Any images in the material are to be dropped while every line is retyped exactly.

● Data below
——————————

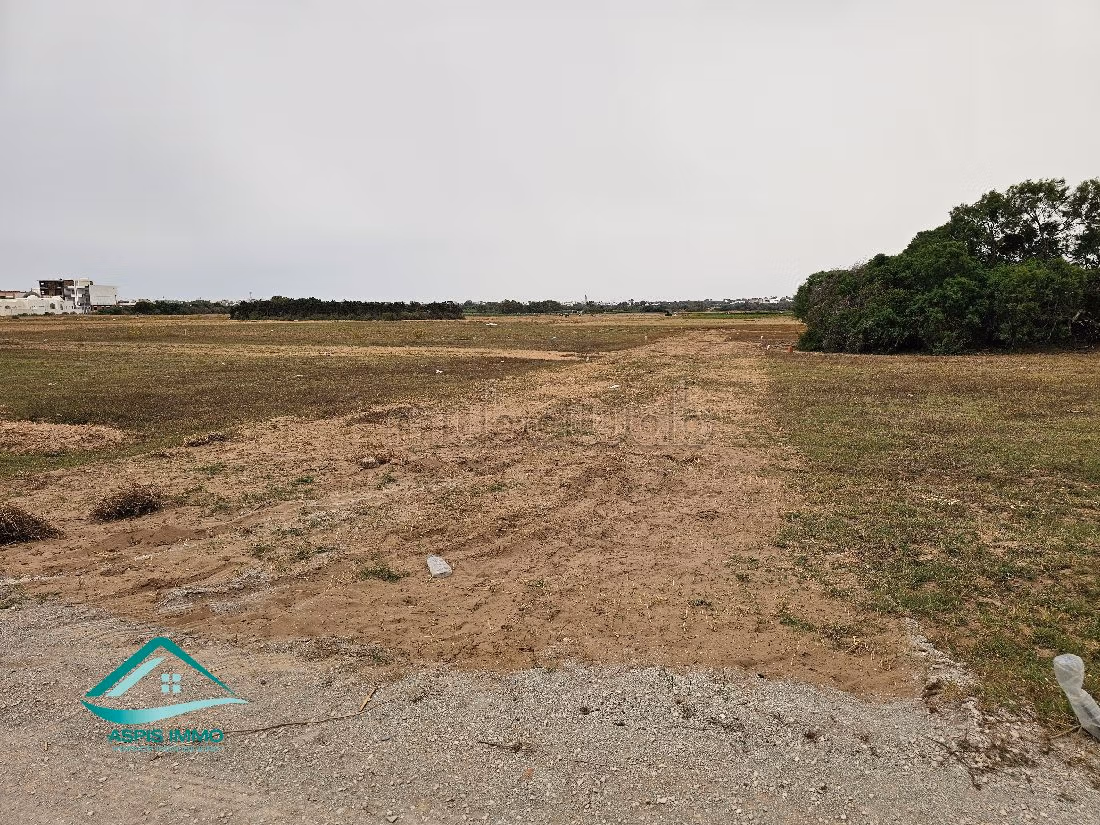 Land to buy. Area 200 m². 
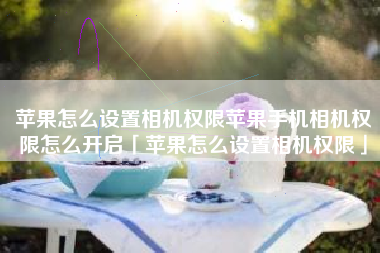 苹果怎么设置相机权限苹果手机相机权限怎么开启「苹果怎么设置相机权限」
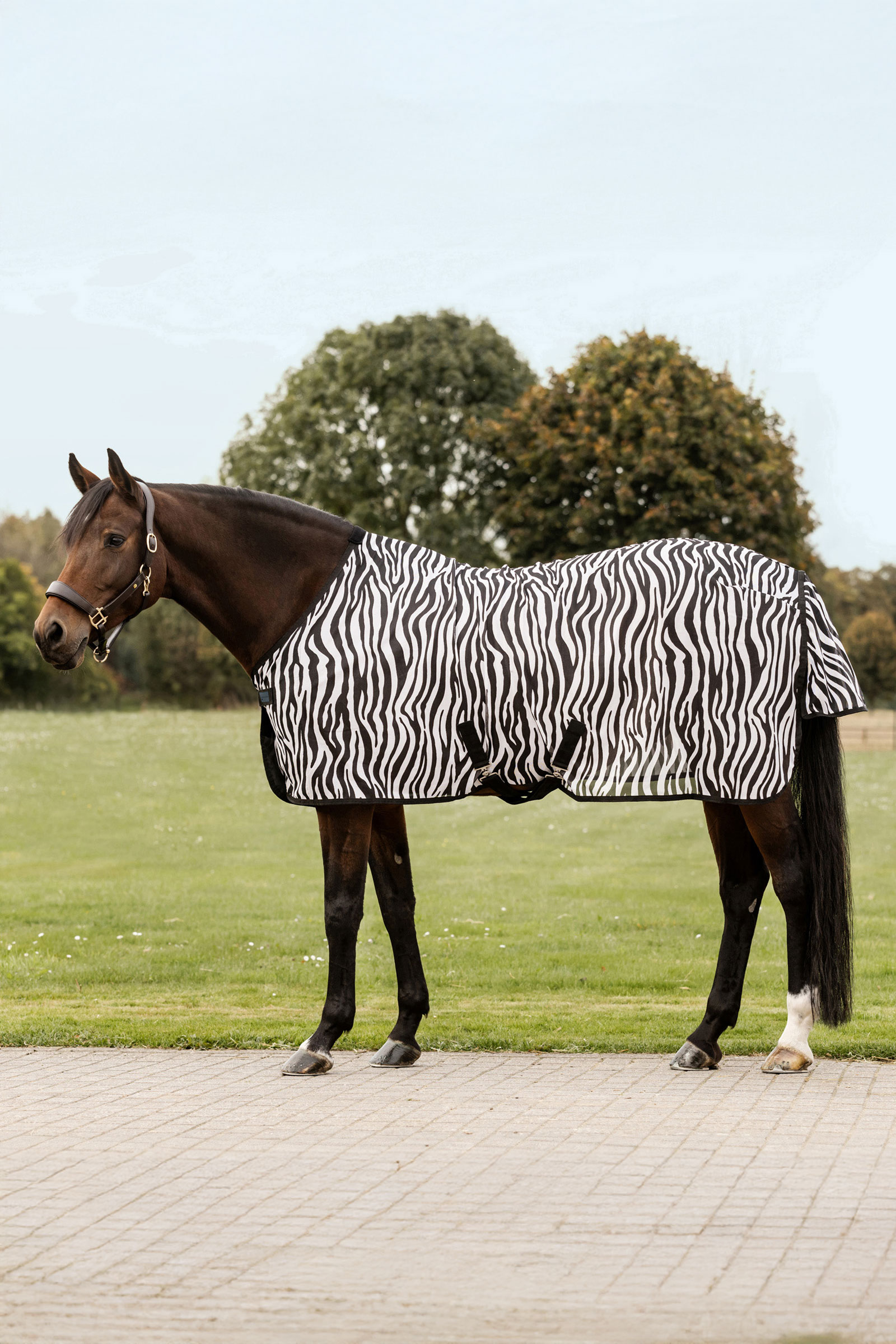 Waldhausen Zebra Fly Rug With Cross Surcingles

——————————

● Solved exercise
 Land to buy. Area 200 m². 
 苹果怎么设置相机权限苹果手机相机权限怎么开启「苹果怎么设置相机权限」
 Waldhausen Zebra Fly Rug With Cross Surcingles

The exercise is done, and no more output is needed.